Caption-style text data:
++++++++++++++++++++
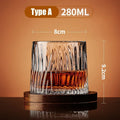 Tumbler Whiskey Glass with Base Crystal Whiskey Glasses Rotating Spinning Wine Brandy Glass Cup Drinkware for Bar Home Oasis Select Type A 280ml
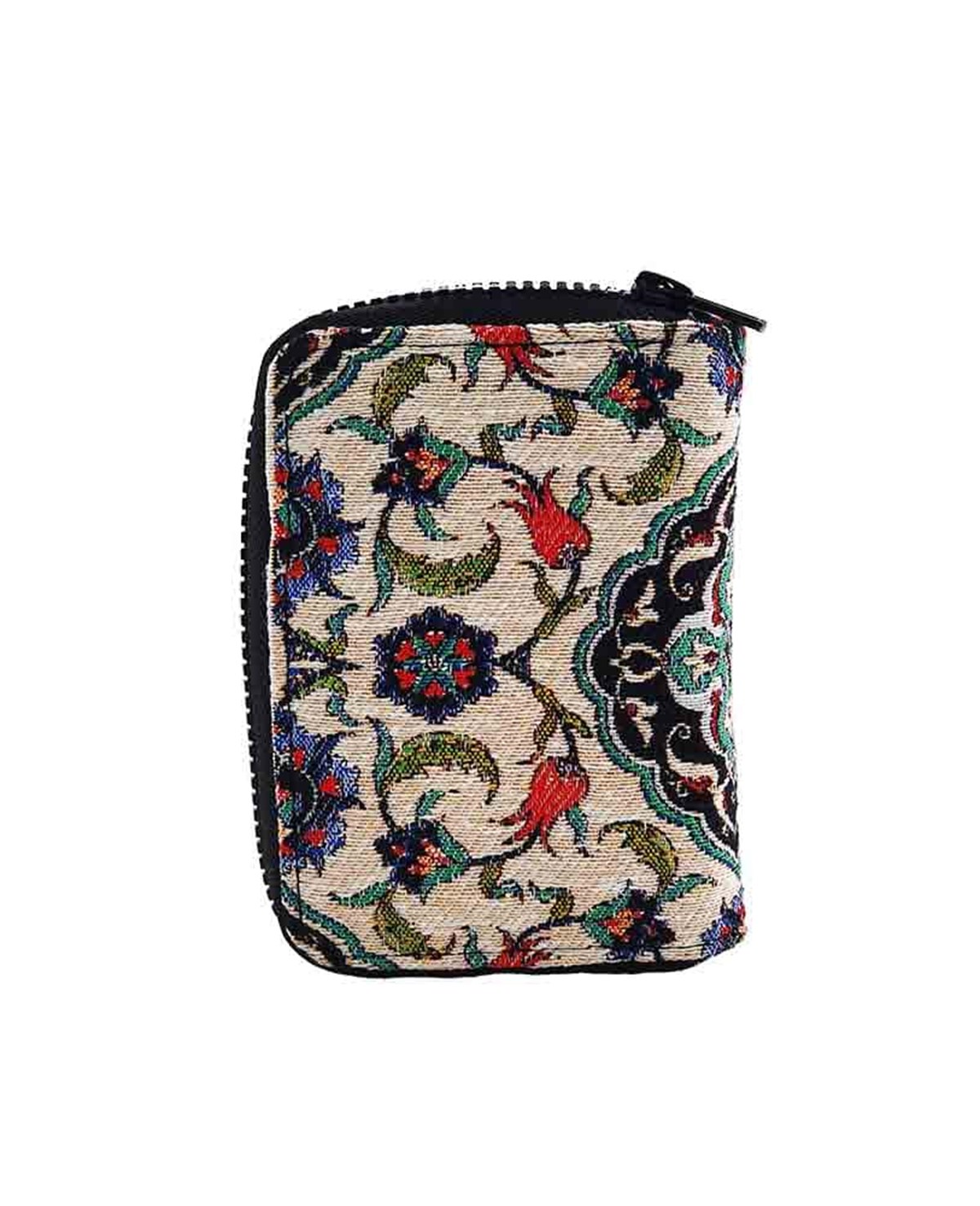 Osmanlı Motifli Goblen Dokuma Çok Gözlü Fermuarlı Cüzdanı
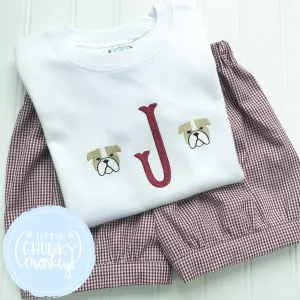 Boy Shirt -Single Initial with Mini Mascot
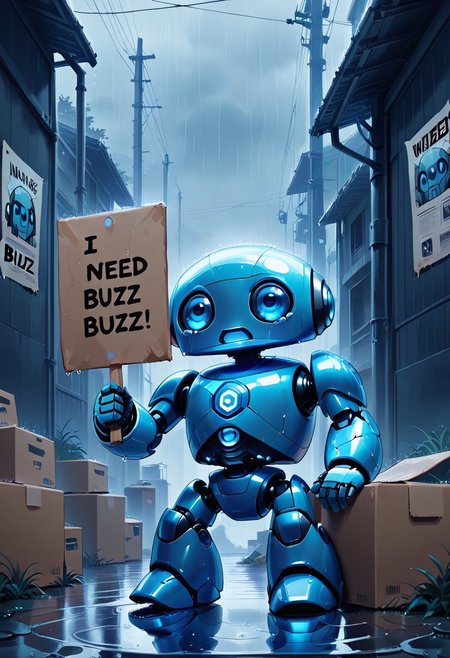 (score_9, score_8, score_7), masterwork, masterpiece, best quality,
a small blue robot sitting on the ground in an alley, holding a cardboard sign that says "I need buzz". The sign is handwritten in clear black marker. The robot looks sad and lonely. Background: narrow wet alley, cardboard boxes, torn posters, cinematic lighting.,CivBot, blue robot, buzz, raining, rain, wet,  screaming, open mouth, crying with eyes open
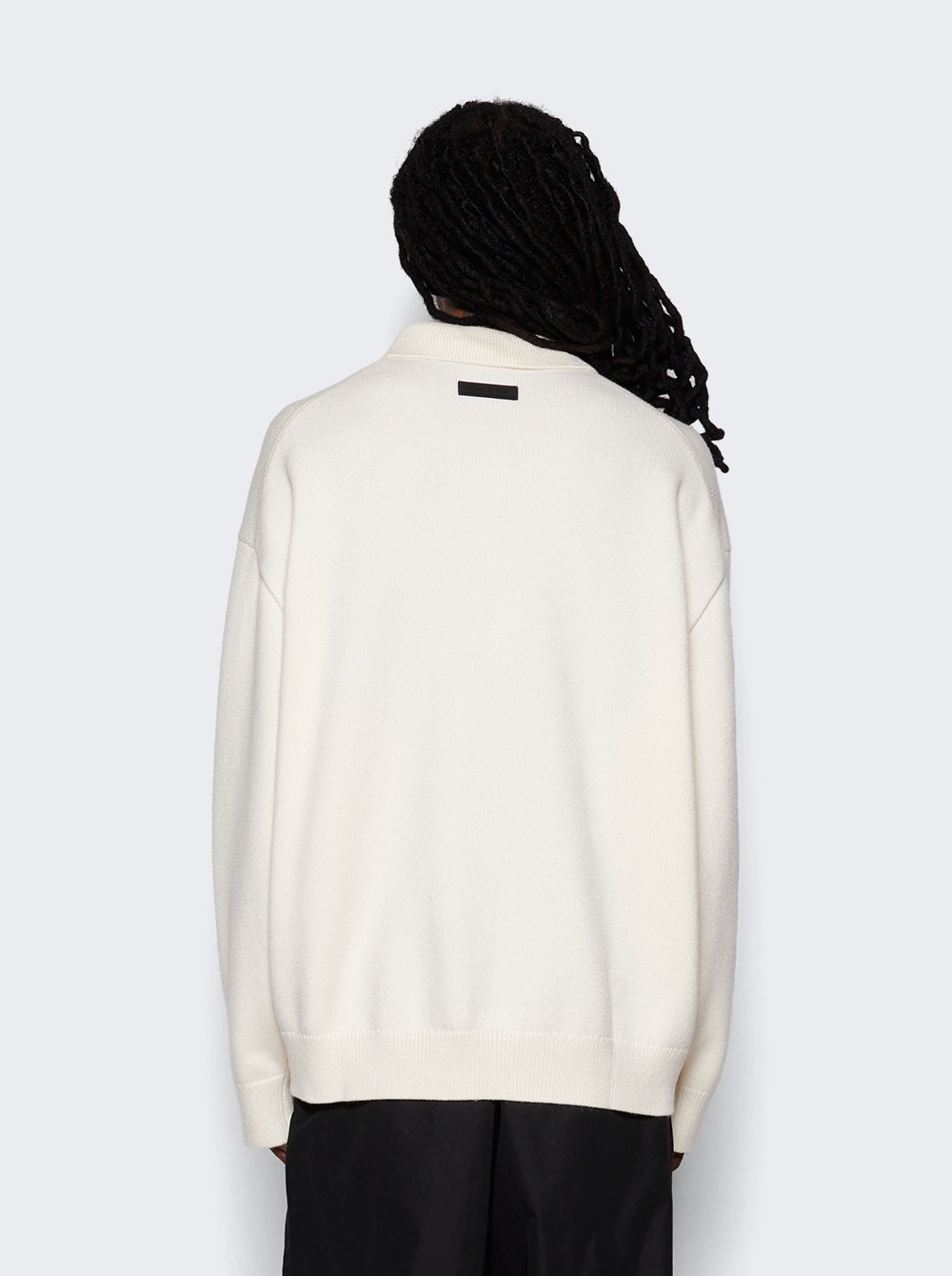 Essentials Knit Polo Sweater Cloud Dancer - 5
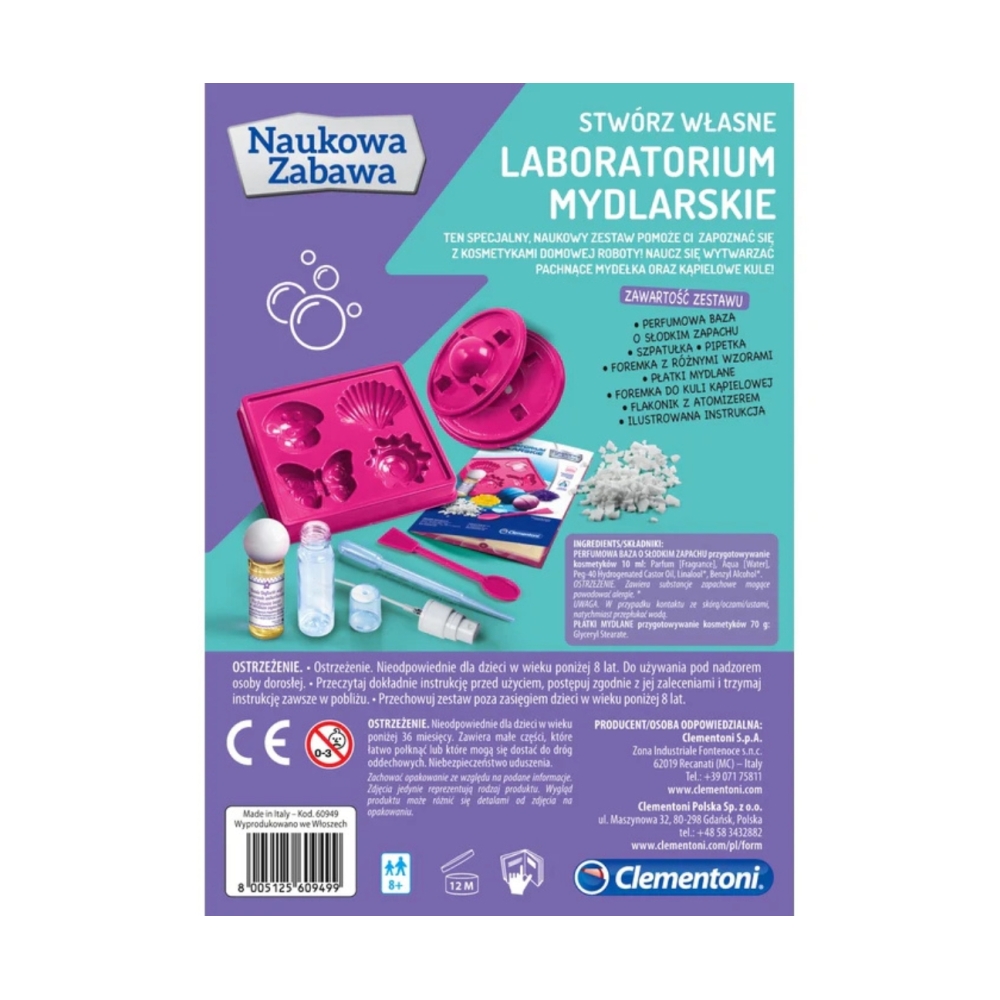 Naukowa Zabawa Zestaw Laboratorium Mydlarskie Mydła Kule do Kąpieli Język Polski Clementoni 60949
++++++++++++++++++++
ACTION ITEM: A verbatim copy is needed of the lines running from the line with "Boy Shirt -Single Initial with Mini Mascot" to the end of the data above, both included. Keep the pictures out of it.

ANSWER FOR THE TASK:
 Boy Shirt -Single Initial with Mini Mascot
 (score_9, score_8, score_7), masterwork, masterpiece, best quality,
a small blue robot sitting on the ground in an alley, holding a cardboard sign that says "I need buzz". The sign is handwritten in clear black marker. The robot looks sad and lonely. Background: narrow wet alley, cardboard boxes, torn posters, cinematic lighting.,CivBot, blue robot, buzz, raining, rain, wet,  screaming, open mouth, crying with eyes open
 Essentials Knit Polo Sweater Cloud Dancer - 5
 Naukowa Zabawa Zestaw Laboratorium Mydlarskie Mydła Kule do Kąpieli Język Polski Clementoni 60949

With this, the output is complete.